As the answer, give a copy of each line below that includes the word "Pocket".
+++++
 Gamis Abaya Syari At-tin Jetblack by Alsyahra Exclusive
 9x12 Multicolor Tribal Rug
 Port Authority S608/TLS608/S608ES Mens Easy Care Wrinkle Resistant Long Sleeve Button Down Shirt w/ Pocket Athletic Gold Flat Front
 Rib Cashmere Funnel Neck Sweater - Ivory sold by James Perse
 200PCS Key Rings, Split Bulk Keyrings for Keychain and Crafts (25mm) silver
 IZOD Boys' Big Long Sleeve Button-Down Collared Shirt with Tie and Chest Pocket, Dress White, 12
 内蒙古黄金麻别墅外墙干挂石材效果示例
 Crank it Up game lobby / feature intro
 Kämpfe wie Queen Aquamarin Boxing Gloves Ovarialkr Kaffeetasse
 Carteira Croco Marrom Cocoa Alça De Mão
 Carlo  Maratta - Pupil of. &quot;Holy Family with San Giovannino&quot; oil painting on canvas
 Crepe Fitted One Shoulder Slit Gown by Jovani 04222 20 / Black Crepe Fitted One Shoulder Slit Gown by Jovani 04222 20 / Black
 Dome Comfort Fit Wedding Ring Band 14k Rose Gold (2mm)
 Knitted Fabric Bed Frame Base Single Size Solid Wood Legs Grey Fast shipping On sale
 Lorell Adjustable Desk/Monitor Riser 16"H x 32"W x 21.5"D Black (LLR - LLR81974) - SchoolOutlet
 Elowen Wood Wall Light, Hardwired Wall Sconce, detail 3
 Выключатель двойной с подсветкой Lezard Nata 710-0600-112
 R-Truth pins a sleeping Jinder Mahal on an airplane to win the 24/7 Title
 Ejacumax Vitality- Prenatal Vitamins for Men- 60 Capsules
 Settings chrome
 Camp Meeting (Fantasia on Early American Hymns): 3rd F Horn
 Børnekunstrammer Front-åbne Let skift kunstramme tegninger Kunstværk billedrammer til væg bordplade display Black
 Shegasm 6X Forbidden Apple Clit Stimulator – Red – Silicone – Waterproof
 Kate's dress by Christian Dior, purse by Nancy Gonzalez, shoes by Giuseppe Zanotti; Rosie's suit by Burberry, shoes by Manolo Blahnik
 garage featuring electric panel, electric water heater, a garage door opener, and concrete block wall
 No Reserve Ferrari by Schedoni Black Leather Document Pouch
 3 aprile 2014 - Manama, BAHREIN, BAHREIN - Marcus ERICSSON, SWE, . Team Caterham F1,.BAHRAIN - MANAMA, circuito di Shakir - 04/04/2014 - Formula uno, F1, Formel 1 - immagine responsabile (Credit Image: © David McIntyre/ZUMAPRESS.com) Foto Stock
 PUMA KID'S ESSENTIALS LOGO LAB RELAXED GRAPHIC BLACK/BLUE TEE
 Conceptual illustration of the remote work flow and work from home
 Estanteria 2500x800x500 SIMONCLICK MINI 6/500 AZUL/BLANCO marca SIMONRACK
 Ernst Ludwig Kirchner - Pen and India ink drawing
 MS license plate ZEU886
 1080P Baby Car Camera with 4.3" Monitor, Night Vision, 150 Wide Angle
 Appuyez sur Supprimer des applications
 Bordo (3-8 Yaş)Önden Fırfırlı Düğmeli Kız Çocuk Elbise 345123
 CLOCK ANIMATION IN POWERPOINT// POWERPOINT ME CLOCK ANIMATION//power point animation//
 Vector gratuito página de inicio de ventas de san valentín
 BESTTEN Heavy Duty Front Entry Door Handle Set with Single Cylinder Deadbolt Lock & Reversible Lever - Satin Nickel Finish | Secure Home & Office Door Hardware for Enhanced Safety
+++++
*YOUR RESPONSE*.
 Port Authority S608/TLS608/S608ES Mens Easy Care Wrinkle Resistant Long Sleeve Button Down Shirt w/ Pocket Athletic Gold Flat Front
 IZOD Boys' Big Long Sleeve Button-Down Collared Shirt with Tie and Chest Pocket, Dress White, 12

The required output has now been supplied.